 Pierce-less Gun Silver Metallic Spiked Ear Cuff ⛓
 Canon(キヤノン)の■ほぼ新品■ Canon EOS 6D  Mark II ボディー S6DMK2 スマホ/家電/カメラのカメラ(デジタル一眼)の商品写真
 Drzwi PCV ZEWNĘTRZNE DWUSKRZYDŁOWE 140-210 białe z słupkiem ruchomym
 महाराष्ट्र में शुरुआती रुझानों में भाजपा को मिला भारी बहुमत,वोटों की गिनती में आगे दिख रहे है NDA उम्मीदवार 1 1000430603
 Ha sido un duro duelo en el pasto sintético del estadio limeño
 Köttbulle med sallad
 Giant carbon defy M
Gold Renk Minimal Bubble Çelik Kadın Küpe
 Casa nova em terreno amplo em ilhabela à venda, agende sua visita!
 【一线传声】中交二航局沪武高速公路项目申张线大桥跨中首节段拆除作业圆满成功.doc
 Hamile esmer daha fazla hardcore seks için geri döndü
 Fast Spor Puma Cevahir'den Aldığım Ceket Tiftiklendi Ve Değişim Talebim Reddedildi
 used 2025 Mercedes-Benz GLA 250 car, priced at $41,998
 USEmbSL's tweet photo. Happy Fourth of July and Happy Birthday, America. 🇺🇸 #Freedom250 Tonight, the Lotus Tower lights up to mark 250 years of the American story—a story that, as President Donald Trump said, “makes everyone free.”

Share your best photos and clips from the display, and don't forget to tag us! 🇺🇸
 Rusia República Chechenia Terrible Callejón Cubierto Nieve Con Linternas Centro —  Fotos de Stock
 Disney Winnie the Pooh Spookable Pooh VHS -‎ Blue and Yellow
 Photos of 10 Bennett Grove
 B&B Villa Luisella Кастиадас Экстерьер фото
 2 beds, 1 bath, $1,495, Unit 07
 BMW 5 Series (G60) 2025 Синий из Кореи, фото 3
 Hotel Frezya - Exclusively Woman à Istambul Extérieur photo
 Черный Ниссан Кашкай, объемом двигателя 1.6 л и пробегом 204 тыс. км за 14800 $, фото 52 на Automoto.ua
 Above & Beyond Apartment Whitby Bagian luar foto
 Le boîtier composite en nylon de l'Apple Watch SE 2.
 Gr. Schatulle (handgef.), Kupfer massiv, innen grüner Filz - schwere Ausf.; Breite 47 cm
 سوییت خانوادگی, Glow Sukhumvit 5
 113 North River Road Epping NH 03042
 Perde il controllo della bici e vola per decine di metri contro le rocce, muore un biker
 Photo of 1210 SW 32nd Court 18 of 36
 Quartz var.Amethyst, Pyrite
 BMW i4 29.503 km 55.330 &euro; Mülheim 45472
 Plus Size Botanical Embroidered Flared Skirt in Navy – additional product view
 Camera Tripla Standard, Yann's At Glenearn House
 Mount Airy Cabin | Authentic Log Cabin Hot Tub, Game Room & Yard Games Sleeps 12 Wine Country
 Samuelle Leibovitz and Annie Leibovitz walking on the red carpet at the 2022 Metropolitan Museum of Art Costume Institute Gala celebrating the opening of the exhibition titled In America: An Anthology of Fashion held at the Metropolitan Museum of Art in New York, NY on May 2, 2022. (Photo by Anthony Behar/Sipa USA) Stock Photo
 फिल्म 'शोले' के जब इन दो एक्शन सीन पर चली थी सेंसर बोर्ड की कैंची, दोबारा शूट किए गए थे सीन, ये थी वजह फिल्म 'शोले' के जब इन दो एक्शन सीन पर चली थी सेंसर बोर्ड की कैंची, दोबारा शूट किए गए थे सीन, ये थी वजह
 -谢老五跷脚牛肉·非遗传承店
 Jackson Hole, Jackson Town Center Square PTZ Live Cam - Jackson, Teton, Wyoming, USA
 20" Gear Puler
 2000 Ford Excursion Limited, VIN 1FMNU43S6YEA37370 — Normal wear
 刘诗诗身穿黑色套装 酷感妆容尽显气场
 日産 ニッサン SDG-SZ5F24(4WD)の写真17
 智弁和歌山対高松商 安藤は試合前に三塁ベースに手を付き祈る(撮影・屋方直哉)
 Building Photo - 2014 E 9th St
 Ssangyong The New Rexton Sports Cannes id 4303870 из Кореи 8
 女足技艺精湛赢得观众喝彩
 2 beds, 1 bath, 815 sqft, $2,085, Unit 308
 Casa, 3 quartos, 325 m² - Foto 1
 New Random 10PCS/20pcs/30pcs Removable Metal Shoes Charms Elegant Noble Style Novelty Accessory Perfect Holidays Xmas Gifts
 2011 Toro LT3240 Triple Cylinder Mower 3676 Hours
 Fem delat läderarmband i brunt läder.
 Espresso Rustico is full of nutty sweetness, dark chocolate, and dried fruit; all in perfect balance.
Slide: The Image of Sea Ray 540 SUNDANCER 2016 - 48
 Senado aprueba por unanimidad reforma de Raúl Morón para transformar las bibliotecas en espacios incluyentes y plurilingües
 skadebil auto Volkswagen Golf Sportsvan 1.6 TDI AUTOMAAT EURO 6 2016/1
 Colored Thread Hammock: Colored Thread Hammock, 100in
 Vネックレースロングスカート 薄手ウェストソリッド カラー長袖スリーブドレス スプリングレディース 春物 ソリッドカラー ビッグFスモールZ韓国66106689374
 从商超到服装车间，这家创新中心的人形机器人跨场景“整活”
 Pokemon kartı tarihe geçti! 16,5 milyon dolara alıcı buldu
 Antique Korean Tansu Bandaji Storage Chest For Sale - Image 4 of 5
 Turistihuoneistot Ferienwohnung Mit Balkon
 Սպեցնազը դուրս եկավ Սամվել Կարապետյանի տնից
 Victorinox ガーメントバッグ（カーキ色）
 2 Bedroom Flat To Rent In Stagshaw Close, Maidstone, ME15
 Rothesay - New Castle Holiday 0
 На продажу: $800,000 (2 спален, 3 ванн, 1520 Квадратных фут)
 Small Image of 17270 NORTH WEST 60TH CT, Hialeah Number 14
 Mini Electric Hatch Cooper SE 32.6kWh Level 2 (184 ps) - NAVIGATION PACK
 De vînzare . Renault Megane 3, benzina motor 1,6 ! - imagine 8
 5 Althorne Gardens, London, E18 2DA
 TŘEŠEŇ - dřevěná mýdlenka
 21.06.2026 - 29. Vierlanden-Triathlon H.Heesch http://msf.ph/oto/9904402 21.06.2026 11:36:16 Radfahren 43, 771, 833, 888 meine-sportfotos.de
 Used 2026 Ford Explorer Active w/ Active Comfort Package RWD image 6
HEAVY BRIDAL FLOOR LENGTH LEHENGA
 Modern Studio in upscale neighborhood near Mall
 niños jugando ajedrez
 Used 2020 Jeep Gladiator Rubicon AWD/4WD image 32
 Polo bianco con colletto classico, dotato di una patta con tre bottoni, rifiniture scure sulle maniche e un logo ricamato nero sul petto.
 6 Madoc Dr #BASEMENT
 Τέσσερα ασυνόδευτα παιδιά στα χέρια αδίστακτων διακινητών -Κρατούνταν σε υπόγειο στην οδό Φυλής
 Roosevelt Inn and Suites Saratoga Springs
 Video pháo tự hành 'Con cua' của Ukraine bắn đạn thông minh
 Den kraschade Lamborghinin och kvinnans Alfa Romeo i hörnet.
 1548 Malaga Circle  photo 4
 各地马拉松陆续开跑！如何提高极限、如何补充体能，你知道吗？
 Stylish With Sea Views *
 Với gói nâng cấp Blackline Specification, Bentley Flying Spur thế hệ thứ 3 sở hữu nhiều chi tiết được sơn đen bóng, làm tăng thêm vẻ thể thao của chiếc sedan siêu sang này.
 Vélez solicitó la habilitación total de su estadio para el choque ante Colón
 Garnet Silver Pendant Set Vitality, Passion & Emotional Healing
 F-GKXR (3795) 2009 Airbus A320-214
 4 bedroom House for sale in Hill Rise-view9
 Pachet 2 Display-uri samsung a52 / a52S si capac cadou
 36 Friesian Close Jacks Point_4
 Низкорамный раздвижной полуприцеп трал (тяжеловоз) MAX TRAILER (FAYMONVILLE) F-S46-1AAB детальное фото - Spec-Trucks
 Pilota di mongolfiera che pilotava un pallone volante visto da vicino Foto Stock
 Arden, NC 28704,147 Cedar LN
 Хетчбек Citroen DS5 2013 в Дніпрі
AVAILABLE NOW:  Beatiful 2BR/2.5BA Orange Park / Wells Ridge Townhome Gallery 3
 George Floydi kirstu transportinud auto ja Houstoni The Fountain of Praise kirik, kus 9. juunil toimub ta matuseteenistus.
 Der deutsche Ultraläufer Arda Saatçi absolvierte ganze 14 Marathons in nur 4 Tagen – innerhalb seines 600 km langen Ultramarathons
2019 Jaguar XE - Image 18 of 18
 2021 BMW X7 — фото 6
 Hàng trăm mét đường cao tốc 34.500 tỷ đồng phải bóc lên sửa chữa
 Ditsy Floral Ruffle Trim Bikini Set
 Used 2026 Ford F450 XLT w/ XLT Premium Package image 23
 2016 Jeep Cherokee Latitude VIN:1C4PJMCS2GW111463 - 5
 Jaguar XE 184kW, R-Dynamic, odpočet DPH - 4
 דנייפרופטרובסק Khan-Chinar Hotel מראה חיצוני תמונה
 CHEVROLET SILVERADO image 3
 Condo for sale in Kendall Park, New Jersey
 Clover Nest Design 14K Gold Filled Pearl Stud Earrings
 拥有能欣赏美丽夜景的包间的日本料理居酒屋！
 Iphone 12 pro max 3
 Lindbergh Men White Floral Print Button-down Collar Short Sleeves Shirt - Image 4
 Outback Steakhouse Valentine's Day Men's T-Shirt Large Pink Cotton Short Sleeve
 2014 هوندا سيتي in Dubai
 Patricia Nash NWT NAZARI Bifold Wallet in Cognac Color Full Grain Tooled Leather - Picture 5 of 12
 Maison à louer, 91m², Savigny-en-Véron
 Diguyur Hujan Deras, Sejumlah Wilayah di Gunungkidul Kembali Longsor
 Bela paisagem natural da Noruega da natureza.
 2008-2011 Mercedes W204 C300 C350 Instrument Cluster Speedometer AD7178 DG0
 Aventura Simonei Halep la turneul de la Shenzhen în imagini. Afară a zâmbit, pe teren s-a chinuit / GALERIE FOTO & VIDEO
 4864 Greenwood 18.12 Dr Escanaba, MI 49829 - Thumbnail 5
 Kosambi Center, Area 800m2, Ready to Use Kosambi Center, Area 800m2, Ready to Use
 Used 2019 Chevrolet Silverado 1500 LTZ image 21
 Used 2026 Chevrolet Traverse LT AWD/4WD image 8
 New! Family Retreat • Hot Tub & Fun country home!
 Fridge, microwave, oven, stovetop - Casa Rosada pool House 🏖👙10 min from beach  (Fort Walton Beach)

::::::::

## What the task asks
Please copy out every line in the listing that has the string "para".

## Solution for this problem
 Senado aprueba por unanimidad reforma de Raúl Morón para transformar las bibliotecas en espacios incluyentes y plurilingües
 Vélez solicitó la habilitación total de su estadio para el choque ante Colón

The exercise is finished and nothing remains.